Is it possible to insert many rows into a table using one query in pyhdb?
Because when I have millions of records to insert, inserting each record in a loop is not very efficient.
Is it possible to insert many rows into a table using one query in pyhdb?
Because when I have millions of records to insert, inserting each record in a loop is not very efficient.
In pyhdb cursors support the normal executemany() statement as described in the Python DB API specs (https://www.python.org/dev/peps/pep-0249/) - this way to can do bulk inserts.
Have you tried this?
To build off of @ralhei's answer, pyhdb.cursor.executemany()

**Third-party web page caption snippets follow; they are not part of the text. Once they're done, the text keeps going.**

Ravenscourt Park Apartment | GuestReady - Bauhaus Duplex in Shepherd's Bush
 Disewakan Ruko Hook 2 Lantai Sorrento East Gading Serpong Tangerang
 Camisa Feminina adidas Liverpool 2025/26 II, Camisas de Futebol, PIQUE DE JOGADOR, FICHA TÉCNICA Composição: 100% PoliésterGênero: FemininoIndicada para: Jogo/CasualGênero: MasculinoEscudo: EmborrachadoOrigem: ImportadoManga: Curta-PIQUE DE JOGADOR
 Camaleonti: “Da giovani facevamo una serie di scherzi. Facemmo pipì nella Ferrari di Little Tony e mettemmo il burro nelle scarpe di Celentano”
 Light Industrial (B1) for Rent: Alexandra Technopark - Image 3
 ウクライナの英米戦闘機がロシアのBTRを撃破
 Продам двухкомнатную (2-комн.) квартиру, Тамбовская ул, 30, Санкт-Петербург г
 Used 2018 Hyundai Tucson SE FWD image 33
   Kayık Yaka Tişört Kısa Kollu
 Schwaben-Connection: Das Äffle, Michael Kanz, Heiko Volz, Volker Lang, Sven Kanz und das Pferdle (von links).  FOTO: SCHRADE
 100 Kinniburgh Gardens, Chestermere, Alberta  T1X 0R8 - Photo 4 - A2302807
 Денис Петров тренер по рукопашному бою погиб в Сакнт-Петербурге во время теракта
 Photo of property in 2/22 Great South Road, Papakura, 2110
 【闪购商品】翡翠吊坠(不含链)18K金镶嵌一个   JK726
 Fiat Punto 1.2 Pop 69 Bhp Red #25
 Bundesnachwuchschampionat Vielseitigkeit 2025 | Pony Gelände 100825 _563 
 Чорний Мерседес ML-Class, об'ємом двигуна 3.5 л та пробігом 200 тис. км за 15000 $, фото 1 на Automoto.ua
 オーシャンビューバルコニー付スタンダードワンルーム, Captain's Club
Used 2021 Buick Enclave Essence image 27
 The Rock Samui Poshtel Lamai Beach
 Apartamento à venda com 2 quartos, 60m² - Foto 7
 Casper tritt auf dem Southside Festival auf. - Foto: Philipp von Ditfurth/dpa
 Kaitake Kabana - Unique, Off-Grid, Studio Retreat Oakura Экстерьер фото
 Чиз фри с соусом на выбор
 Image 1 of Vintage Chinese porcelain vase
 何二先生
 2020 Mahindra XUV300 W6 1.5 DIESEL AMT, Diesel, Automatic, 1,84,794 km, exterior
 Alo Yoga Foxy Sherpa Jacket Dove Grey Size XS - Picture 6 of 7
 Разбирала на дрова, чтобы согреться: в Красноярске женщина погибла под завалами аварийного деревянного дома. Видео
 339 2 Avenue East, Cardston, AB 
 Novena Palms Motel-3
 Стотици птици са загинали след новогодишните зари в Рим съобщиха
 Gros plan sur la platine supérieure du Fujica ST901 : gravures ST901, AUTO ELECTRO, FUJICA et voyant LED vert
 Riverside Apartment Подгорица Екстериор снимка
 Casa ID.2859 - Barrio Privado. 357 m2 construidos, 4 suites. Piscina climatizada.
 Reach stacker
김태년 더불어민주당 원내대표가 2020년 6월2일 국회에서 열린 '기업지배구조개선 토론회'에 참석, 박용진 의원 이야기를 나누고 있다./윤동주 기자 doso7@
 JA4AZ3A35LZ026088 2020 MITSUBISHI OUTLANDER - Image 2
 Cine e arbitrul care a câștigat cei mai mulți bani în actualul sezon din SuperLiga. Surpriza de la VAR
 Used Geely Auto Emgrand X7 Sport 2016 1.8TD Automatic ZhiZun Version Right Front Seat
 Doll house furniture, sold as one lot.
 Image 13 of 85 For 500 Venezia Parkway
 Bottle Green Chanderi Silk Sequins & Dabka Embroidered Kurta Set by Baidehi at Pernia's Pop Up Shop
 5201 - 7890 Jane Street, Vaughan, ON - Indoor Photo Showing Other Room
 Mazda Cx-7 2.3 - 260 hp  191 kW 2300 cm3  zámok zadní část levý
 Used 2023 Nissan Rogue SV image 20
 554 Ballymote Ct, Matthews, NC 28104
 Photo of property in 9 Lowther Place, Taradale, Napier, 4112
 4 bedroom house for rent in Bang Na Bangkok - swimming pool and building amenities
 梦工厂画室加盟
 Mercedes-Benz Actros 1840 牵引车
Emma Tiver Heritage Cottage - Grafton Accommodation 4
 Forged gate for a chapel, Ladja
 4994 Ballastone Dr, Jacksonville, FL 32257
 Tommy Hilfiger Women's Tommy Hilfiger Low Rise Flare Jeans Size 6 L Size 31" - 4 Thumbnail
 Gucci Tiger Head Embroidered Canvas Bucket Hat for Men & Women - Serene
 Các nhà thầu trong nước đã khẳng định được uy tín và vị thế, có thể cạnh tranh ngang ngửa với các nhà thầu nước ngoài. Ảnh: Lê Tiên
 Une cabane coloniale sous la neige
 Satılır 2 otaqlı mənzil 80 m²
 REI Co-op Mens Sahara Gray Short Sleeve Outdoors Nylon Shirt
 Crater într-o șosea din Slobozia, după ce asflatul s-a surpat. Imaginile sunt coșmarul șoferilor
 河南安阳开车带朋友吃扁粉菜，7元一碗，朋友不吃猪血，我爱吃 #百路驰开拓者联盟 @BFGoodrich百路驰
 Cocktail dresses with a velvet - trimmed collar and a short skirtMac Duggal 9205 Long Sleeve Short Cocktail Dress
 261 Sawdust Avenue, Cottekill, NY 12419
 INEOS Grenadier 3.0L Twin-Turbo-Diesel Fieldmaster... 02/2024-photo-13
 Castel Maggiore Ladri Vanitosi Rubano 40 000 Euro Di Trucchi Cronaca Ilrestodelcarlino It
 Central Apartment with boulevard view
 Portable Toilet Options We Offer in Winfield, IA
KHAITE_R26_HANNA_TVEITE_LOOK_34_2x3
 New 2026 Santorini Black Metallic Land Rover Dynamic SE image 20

allows a SQL statement and a list of parameters. So if you have a three column table t1
, you can insert rows this way
import pyhdb
# Open connection
connection = pyhdb.connect(
host="example.com",
port=30015,
user="user",
password="secret"
)
cursor = connection.cursor()
# Write data
parameters = [
(1, 2, "3"),
(4, 5, "6"),
]
query = 'INSERT INTO schema.t1 VALUES (?, ?, ?)'
cursor.executemany(query, parameters)
The parameters must have a known length though, so e.g. a generator expression cannot be use. This might be a problem if your computer cannot hold the entire list in memory or if your parameters list is bigger than HANA can receive! In this case, you should insert in batches like this:
# Helper function
def iter_chunks(iterator, chunk_size):
"""Split iterator into chucks
https://stackoverflow.com/a/312466/6068036
"""
res = []
for item in iterator:
res.append(item)
if len(res) >= chunk_size:
yield res
res = []
if res:
yield res # yield the last, incomplete, portion
# Write data
parameters = ... # a generator expression or other Iterator
chunk_size = 1000
for chunk in iter_chunks(parameters, chunk_size):
cursor.executemany(query, chunk)
pyhdb executemany() is faster than simply execute() but for larger records even if you divide in chunks and use executemany() it still takes significant time.
For better and faster performance use string formatting like values (?, ?, ?...)
instead of values('%s', '%s', '%s', ...)
This saves a lots of time that heavy type conversion uses on server side and gets response faster and hence faster execution.